Adding noise anyone?

Moderator: jsachs

den
Posts: 856
Joined: April 25th, 2009, 6:33 pm
What is the make/model of your primary camera?: Canon EOS-350D/Fuji X100T
Location: Birch Bay near Blaine, WA USA

Re: Adding noise anyone?

Post by den »

In other words, how do I take a digital file and use PWP so that it fools the film enthusiasts into thinking it was shot on film?
OKay... let's set aside affordability and quality of hardware that separates film and digital to produce prints either as a hobbyist, professional, or commercial enterprise and address the impact that PWP as software offers regarding digital image data access and manipulation.

As background take a look at this "DPR Feature: Apical dynamic range interview" [ http://www.dpreview.com/news/0903/09031801apical.asp ] to see possible trends towards processing digital dynamic range in-camera.

I believe that in order to achieve a 'film look', a digital camera image file with near full dynamic range, good exposure, and good focus after a basic RAW conversion needs to be (1) separated into visual elements; (2) each visual element optimized for brightness, contrast, and color; and (3) the visual elements re-combined into a single 0 to 255 gray tone image file of infinite colors without objectionable halos (auras), artifacts, or tone reversals.

PWP5's 3-Zone Adjustment transform using (1) symmetrical tone range masks; (2) tone range specific contrast, brightness, and saturation adjustments; and (3) image version blending in the HSV color space model offers easy user access to an image's data and its manipulation to achieve a 'film look'. See: Multi-Zone Adjustment: http://www.dl-c.com/Temp/pwp50beta/down ... stment.pdf.

For serious digital image data access and manipulation, I tend to use manual techniques with: (1) Mask Tool symmetrical and asymmetrical tone range/image area masks; (2) Brightness/Color Curves for brightness, contrast, and color edits; (3) highlight tone range edits in the HSL color space model, mid-tone tone range edits in the RGB color space model, and shadow tone range edits in the HSV color space model; (4) image version blending with Stack Images/Composite-Blend; and (5) optimized specific image area 'One to One' cloning... followed by crop for (6) composition; (7) 'Creative' sharpening; and (8) 'Output' sharpening.

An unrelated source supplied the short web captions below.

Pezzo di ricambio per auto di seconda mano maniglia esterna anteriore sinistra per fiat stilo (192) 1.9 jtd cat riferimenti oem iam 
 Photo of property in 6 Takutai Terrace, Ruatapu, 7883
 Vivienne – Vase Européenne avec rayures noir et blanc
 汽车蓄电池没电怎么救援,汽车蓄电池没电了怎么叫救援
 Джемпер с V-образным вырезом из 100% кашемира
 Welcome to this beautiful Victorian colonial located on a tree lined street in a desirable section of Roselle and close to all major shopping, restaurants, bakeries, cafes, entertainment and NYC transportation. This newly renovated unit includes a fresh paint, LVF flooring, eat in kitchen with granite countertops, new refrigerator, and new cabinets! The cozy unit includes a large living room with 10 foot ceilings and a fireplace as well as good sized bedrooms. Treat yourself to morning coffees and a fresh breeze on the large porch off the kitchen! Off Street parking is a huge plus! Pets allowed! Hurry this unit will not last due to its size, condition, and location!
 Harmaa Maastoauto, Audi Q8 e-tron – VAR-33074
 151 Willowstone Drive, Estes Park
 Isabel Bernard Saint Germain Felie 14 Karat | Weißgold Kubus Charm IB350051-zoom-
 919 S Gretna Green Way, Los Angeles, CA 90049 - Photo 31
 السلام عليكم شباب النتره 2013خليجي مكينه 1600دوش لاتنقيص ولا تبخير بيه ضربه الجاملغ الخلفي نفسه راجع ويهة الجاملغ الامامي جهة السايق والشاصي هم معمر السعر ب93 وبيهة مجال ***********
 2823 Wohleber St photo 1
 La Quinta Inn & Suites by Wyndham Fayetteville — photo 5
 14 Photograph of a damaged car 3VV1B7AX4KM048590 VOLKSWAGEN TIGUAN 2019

As digital images are not created 'equal' there may not be a 'magic bullet' or a generic workflow applicable to all images... I tend to enjoy taking my time with an image to maximize its potential... which at times results in 'over-processing'. You are welcome to visit: http://www.ncplus.net/~birchbay/09/IMAGEsbyDEN_09.htm to see my latest recorded near world view or experiment... ask if there are questions.
couman
Posts: 82
Joined: April 25th, 2009, 8:44 am

Re: Adding noise anyone?

Post by couman »

In all fairness, not all films are equal, so you must define exactly what "look" you are seeking. Norman Koren discusses some differences between film and digital responses and also differences between some films. He also suggests a particular PWP curve form for simulation of film contrast. However, as I think Den has suggested, simple application of that curve (or any other transformation) without a clear concept of direction; understanding of the tools; and understanding of the psychological impact will not necessarily lead to a pleasing result.
Bob Coutant
tonygamble
Posts: 112
Joined: April 26th, 2009, 7:00 am

Re: Adding noise anyone?

Post by tonygamble »

I read Den's response to say that digital looks like digital because of its imperfections. He listed all the criteria he sought and the assorted techniques to achieve them. I'm assuming, Den, that you are saying get a digital image as close to perfection as you can and it will look like film.

When I started using digital I used still to take my negs to my local pro lab when prints were needed. There were always prints taped to walls, or on the retouching desks. There was no mistaking which were from negs. They had a certain look about them. I repeat that they were not 'better'. It was that they were different.

I guess the first thing is that they were softer, not as sharp, or however one wants to put it.

They did a lot of work for Alison Jackson
http://www.alisonjackson.com/index.html

She worked with film, and unashamably badly, as she could never be bothered to work out how her equipment worked. They were fuzzy and grainy. It was the reportage look she wanted for her exhibitions.

At the other extreme they did the prints for the London exhibition of Eve Arnold's Marilyn Monroe shots. You'd never say they were fuzzy and grainy - but again it was clear that the source was negs.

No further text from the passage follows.